Исход в Израиль — это не переезд, не географическое понятие, это Исход внутри тебя. Я могу жить где угодно, но я дочь Израиля, потому что принадлежу его народу. Однако родина моя — Россия. Здесь я росла, любила, прощалась, встречалась… Она дала мне так много, и я немало вложила в нее. Пусть мои вклады не велики, но они наработаны всей жизнью, и, даже когда я теряла, я тут же что-то обретала, и никто не заставит меня бросить мое богатство — мою трудную, мучительную, но для меня, как и для каждого, значительную жизнь. Кто знает, если бы я столько не ездила и стольких прекрасных людей не повстречала на своем пути, может, я бы не выдержала испытание Холокостом. И поехала на свою и впрямь историческую родину.

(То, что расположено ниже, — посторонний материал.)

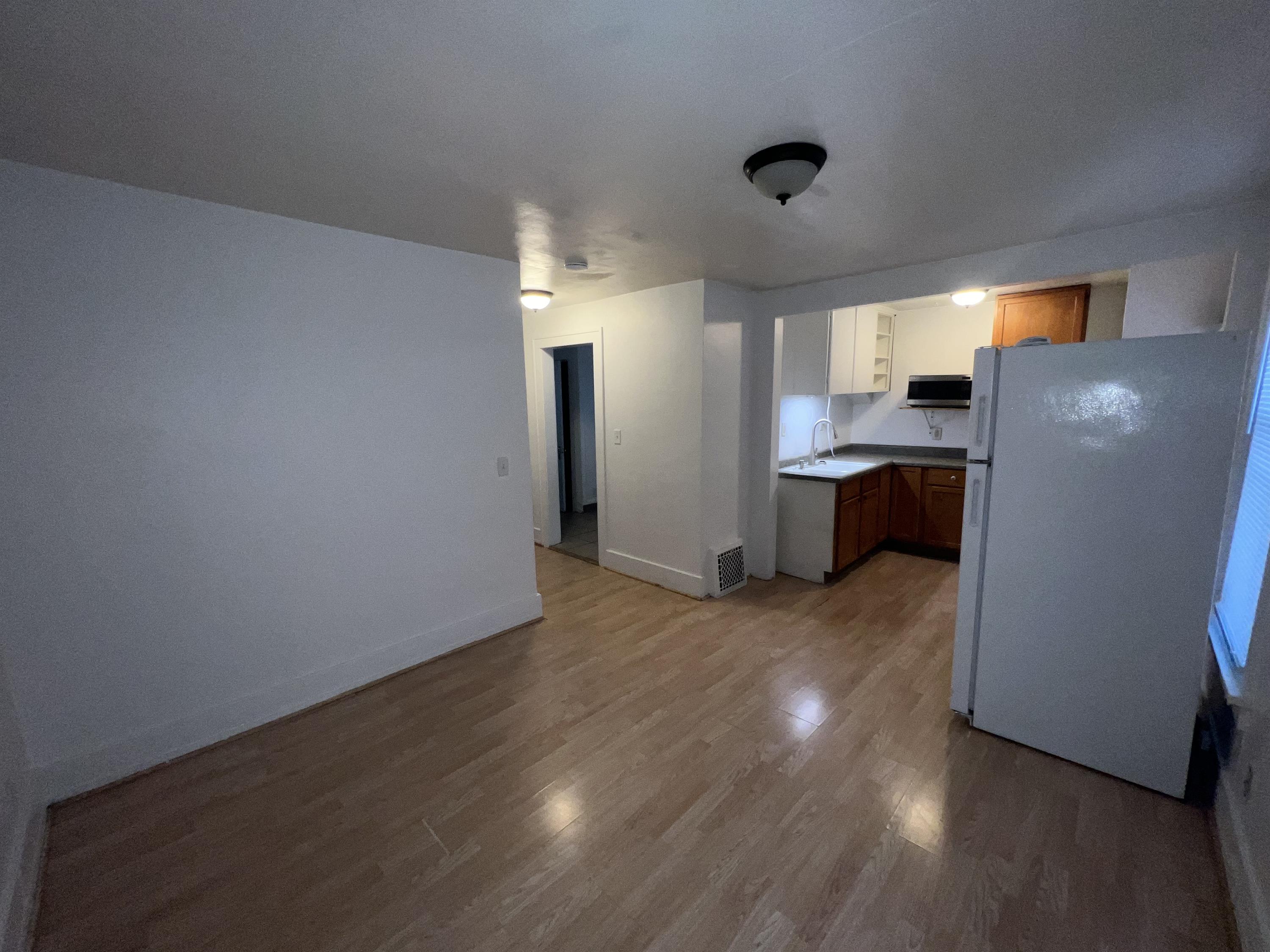 1421 Merrill  Street  Apt. 3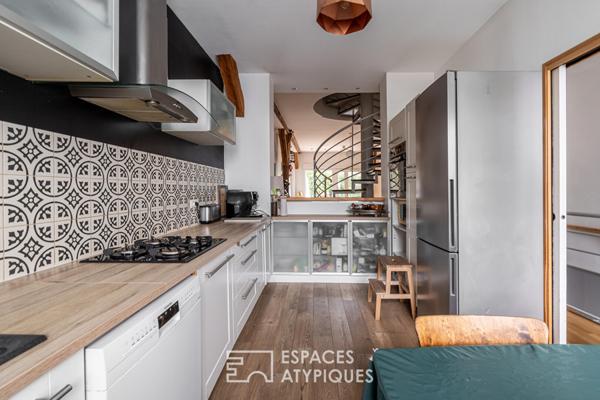 Maison familiale type loft cachée à deux pas du jardin des plantes
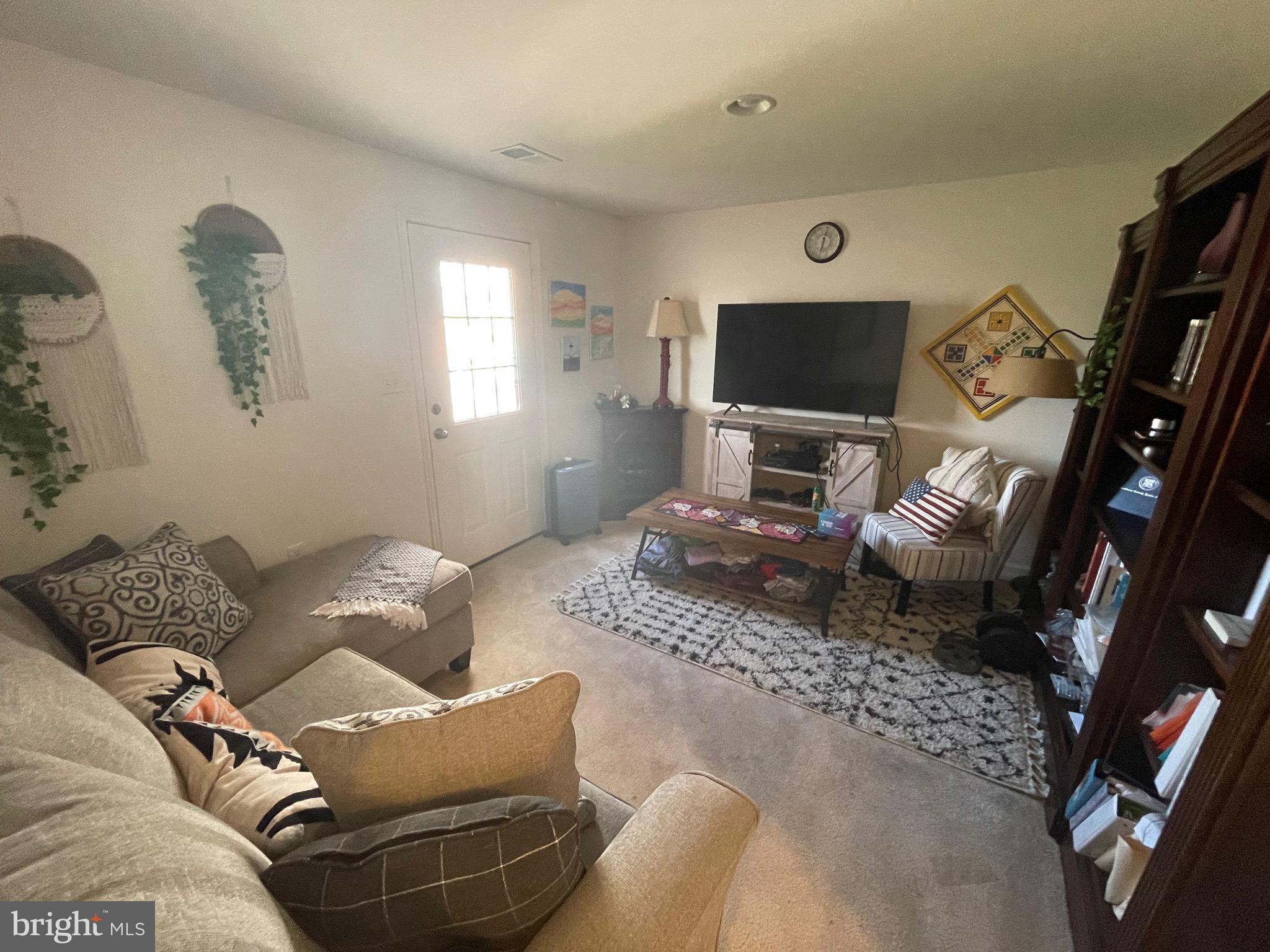 BRIAR RUN - Residential Lease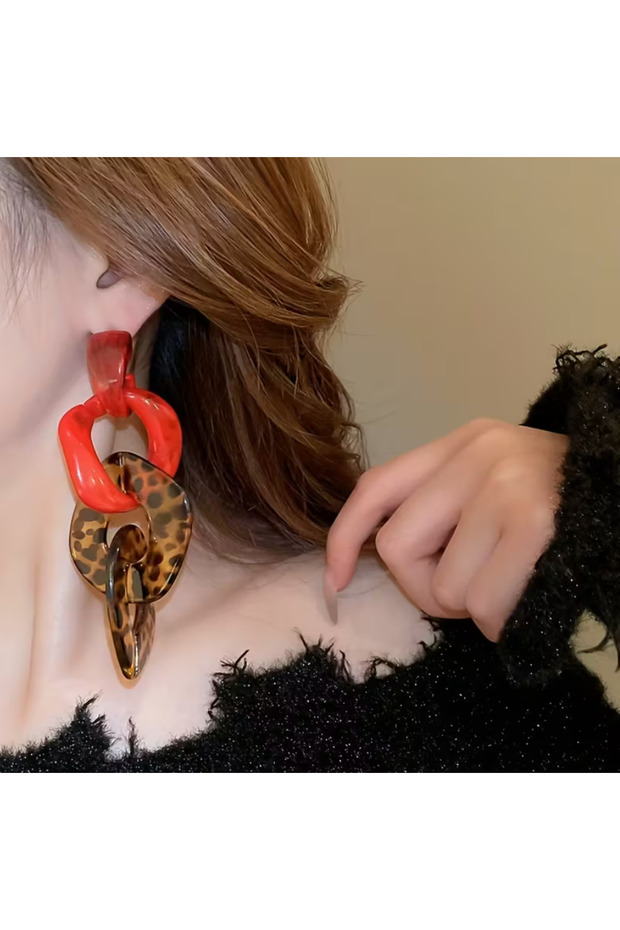 أقراط متدلية حمراء بنمط الفهد مرصعة بالراتنج - 2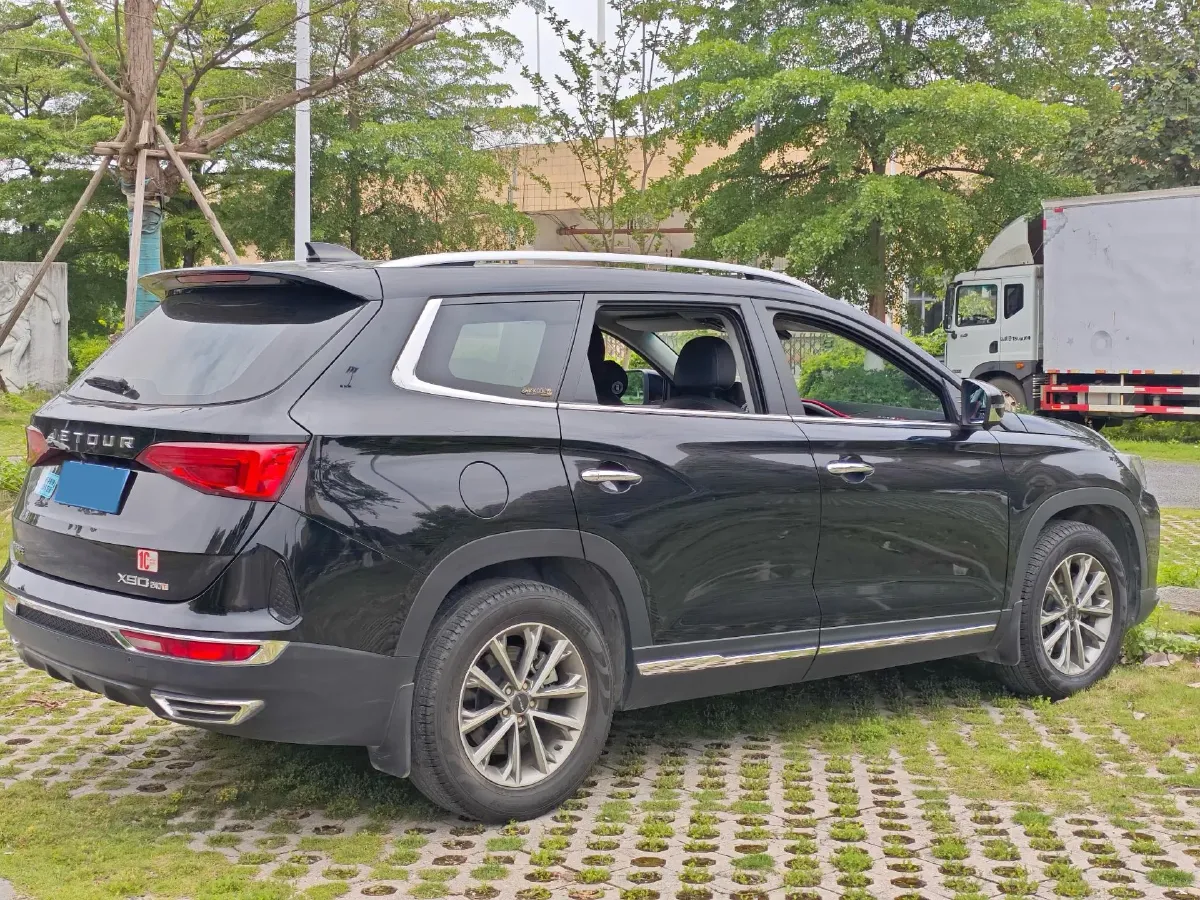 2021 Jetour X90 Plus 1.5T 156HP L4 6MT,autocango,china used car exporter,china ev exporter,chinese used car exporter,chinese used ev exporter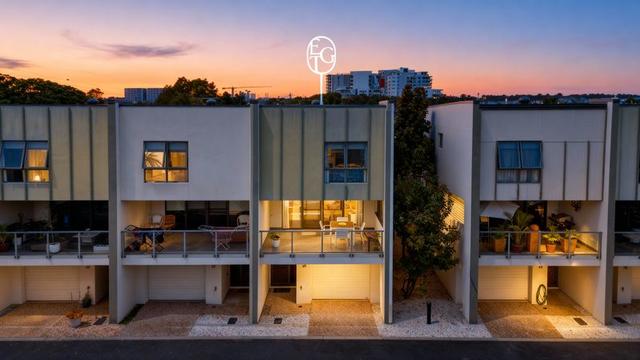 28/61 East Quay Drive, QLD 4216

Человек силен не ненавистью к человеку, а верой в него. Источником зла всегда был вакуум любви. Со стен нашего центра, где всегда представлены материалы о Холокосте, со страниц книг нашей библиотеки на меня смотрят жертвы чудовищного зла. И очень трудно, поверьте, сохранить эту веру в человека, когда знаешь, видишь, как победоносно зло. Но я и мои товарищи здесь, чтобы это никогда не повторилось.
Могла бы я простить Карла? Тогда, наверно, — не смогла бы. Как не прощаю и по сей день тех, кто творил зло в моей стране, — они не покаялись. Но ведь Карл покаялся. Простим его.